Tuesday, 5 January 2016

Zenith: Phase Four


Grant Morrison & Steve Yeowell Zenith: Phase Four (1992)
Hallelujah and all that. I realise Grant Morrison disowns this one as mere work for hire most likely on the grounds of it being the one everybody liked, but he's wrong as usual, and it makes my little heart go pitty-pat to have it back in print. In 1992 I was still buying 2000AD as a grown man with a full-time job, and every Saturday morning I would sort the mail, bag it up, and then go out on delivery, but before the first brown envelope went in anyone's letterbox I'd pick up Tharg's latest from the newsagent in Dunfield Road, Catford, then rush across the street to my first block of flats and sit in the stairwell for ten minutes with a fag catching up on Zenith, because I just couldn't wait any longer. No-one was expecting a giro on Saturday, so ten minutes wasn't going to make a lot of difference.
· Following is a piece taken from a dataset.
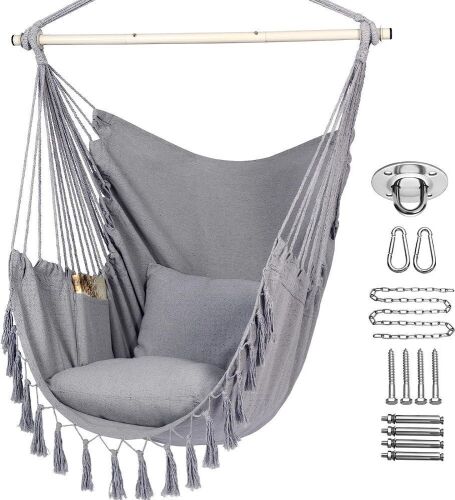 Y-STOP Hammock Chair Hanging Rope Swing, Max 500 Lbs, 2 Cushions Included - Lot 196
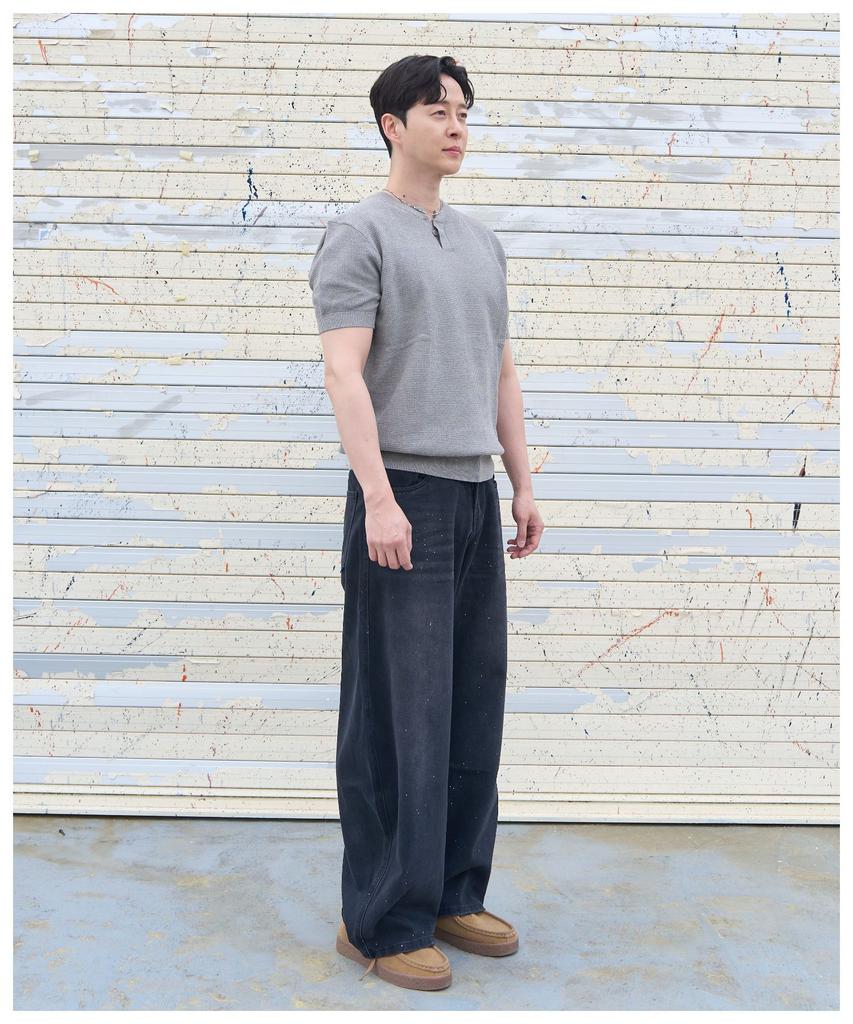 DOUBLE JD Round 1-Button Knit Short Sleeve T-Shirt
This final instalment of the Zenith saga worked better spread out over weeks and months, it transpires, because read in one go it reveals itself as not actually having a story, really just a punchline - which on close inspection may as well be it was all a dream - forestalled by a sequence of vaguely cool images: the ancient scientist unravelling as his ageing process is reversed - sending him back to childhood, superpowered Michael Heseltine as prime minister, the black sun, Lovecraftian entities, and an acid house robot. It has about as much substance as an advert for car insurance, but it still fucking works because somehow cool is the whole point; at least I think it is. It works in the same way a piece of music works, because Morrison was Zenith, pretty much, or Zenith with a load of self-deprecating piss taken so as to defuse the potential absurdity of a man who would have given his left one to hang out with Kylie Minogue if there was just a way to do it whilst still appearing cool. It works in the same way a piece of music works, because just listen to the Sisters of Mercy at their most epic - and who knows what the fuck any of those songs are about either?

This probably reads like negative criticism, but it isn't meant to be. For all its flaws - even that Steve Yeowell's artwork was probably better in black and white - Zenith remains a masterpiece. This collection also includes a couple of er... later efforts from various 2000AD specials, neither of which really do anything much, but you don't have to read them if you don't want to.